I read that Cloudera does not support ACID operations in hive and anyway that's only supported with ORC format.
I import data from an API using updated_at field. Now, I do not want my table to have multiple entries with the same id. Also, data for a partcular ID could be updated very frequently so it would result in a lot of duplication. I can access hive from R using Rhive but updates and delete ooperations do not seem to work.
I tried this in the query editor:
set hive.auto.convert.join.noconditionaltask.size = 10000000; set hive.support.concurrency = true; set hive.enforce.bucketing = true; set hive.exec.dynamic.partition.mode = nonstrict; set hive.txn.manager = org.apache.hadoop.hive.ql.lockmgr.DbTxnManager; set hive.compactor.initiator.on = true; set hive.compactor.worker.threads = 1 ; DELETE FROM employee WHERE eid in (1, 4, 5)
It fails with this:
Error while compiling statement: FAILED: SemanticException [Error 10294]: Attempt to do update or delete using transaction manager that does not support these operations
The plan was to delete all the rows already there in hive which were imported as the updated rows from the API.
What alternatives do I have? I cannot afford that level of duplication for every id so I need to find a way to delete or update data in hive.
`INSERT OVERWRITE in PARTITIONS` can't help since I import only updated data. Can't overwrite the entire partition with it.
I can use exact same queries through R in hive that work in hive **
hive is not sutiable to do insert,update, delete, even currently hive already support insert , but it's not a good idea to use it in production env since it's very slow.
there are two solution for you to do that:
1. insert (i don't suggest this solution)

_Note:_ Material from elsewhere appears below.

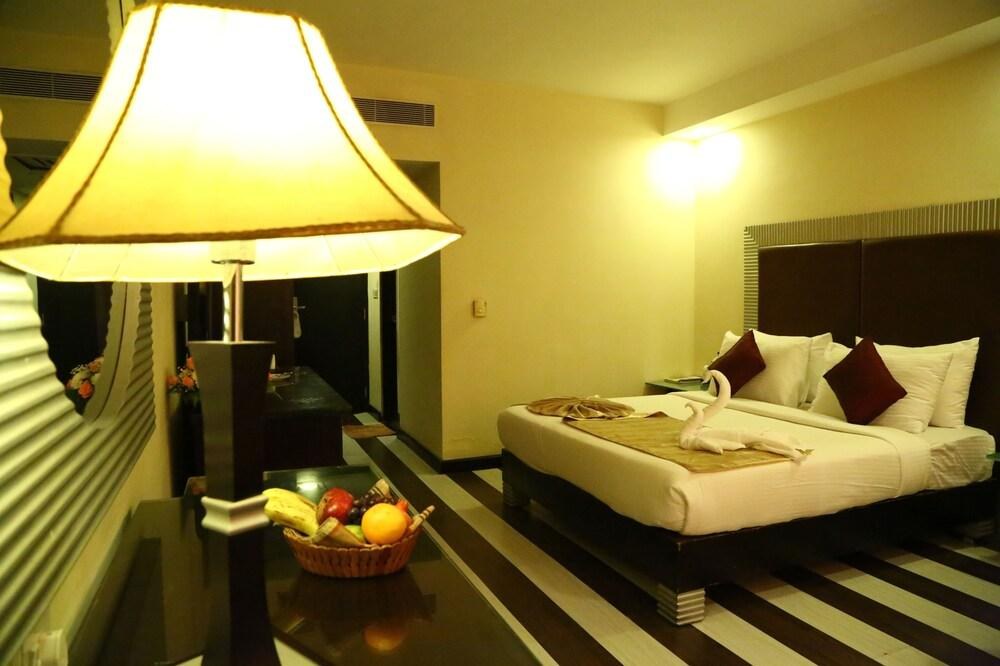 REGENTA CENTRAL DECCAN photo 2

table construct like : id , name
record like: 1, "yourname"
if you want to change column name to "hisname", you can do below;
alter able xxx add column record-index int;
insert into table values(1,'hisname',2)\
then your record will be like 1, "yourname" 1 1,"histname",2
select * from table where record-index = (select max(record-indx) from table where id=1
hope you understand the above solution.
don't put your data into hive directly, use hase, then you can delete,update,insert , this is a easy way if you have requirement to change hive records.
Add below properties to Hive Client Advanced Configuration Snippet (Safety Valve) for hive-site.xml. Gateway Default Group.
I also tried to add it another places but it didnot work for me.
1. Hive Service Advanced Configuration Snippet (Safety Valve) for hive-site.xml
Hive (Service-Wide) --- Didn't work
2. Hive Metastore Server Advanced Configuration Snippet (Safety Valve) for hive-site.xml
Hive Metastore Server Default Group --- Didn't work.
I found update & delete were firing map-reduce statement so quite slow. One row update & delete took 21 seconds.